IACP sessions are done
in a client-server fashion. The client establishes a TCP/IP socket
connection with a server process listening at some known port. The
port number commonly used for IDA IACP servers is 39136, an
arbitrary value.
After
the connection is established, the client sends an IACP handshake
frame (payload identifier 1) that suggests desired connection
attributes to the server. The server replies to the IACP handshake
frame with its own handshake frame that describes the actual
attributes which will be used during the session.
Among the connection
attributes is the timeout interval, specified in milliseconds. If no
traffic occurs during this interval then each side should declare the
connection lost and disconnect. The server is guaranteed to send IACP
heartbeat frames (payload identifier 101) at half this interval so
some traffic should always be present over a healthy connection.
After the handshake
frames have been exchanged, the server waits for commands from the
client. IACP commands and responses are frames whose payload
identifiers are mutually recognized by both the client and server.

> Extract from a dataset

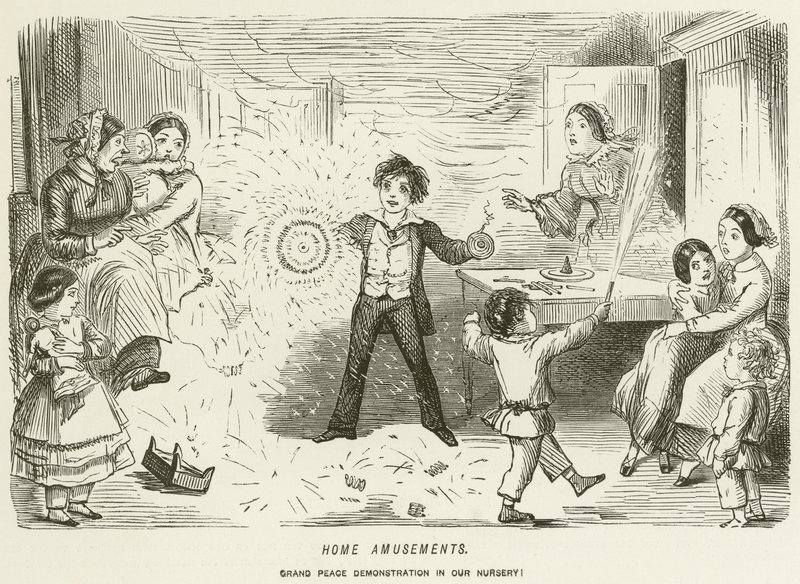 Domowe rozrywki autorstwa John Leech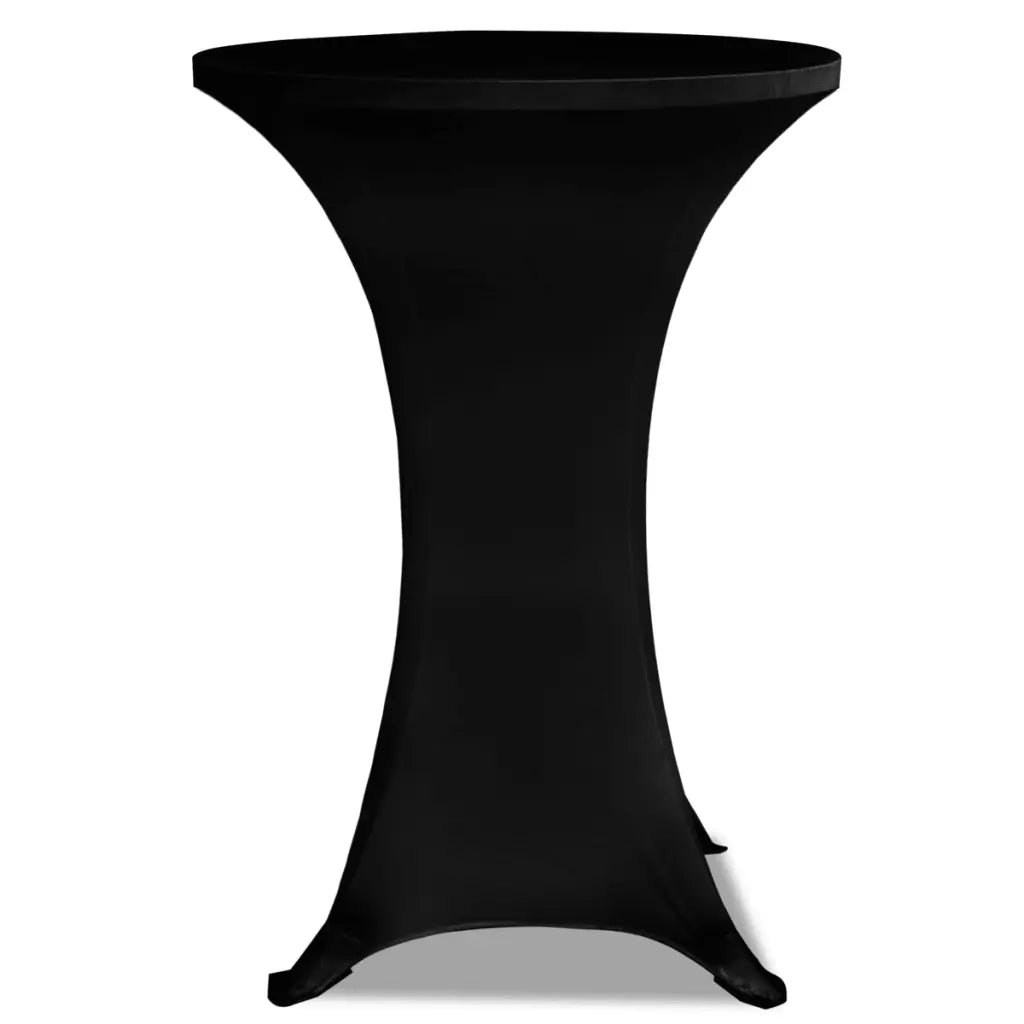 Copritavolo ?70 cm Nero Tessuto elasticizzato 2 pezzi cod mxl 60539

Normally these commands will generate a response from the server to
the client, but the protocol does not explicitly require this. While
the server is waiting for commands from the client, or waiting to
generate or send responses, it must also ensure that heartbeats are
sent at appropriate intervals, if required to maintain the
connection.
How
long a connection is maintained is implementation dependent. The
server may chose to break the connection after it has received and
processed a single request from the client, or it may chose to wait
for a new request from the client after it is done with the current
request. In any event, if the server detects an I/O error, or
encounters an internal error, then it will break the connection. IACP
alert frames should be sent by the peer when it has decided to
terminate the connection, and its payload includes a code that gives
the reason for the disconnect. The protocol does not require
the use of IACP alert frames, and it is acceptable for either end to
simply close its socket without notification. The use of IACP alert
frames in initiating disconnects is only to aid in distinguishing
between normal disconnects and those due to other problems with the
peer. It is up to the client to decide how to respond to a
disconnect from the server.
If the client sends a command frame that the server does not recognize, the server will respond with a “no such frame” message. This is an IACP frame with payload identifier 102. It is up to the client to decide the appropriate response to this reject.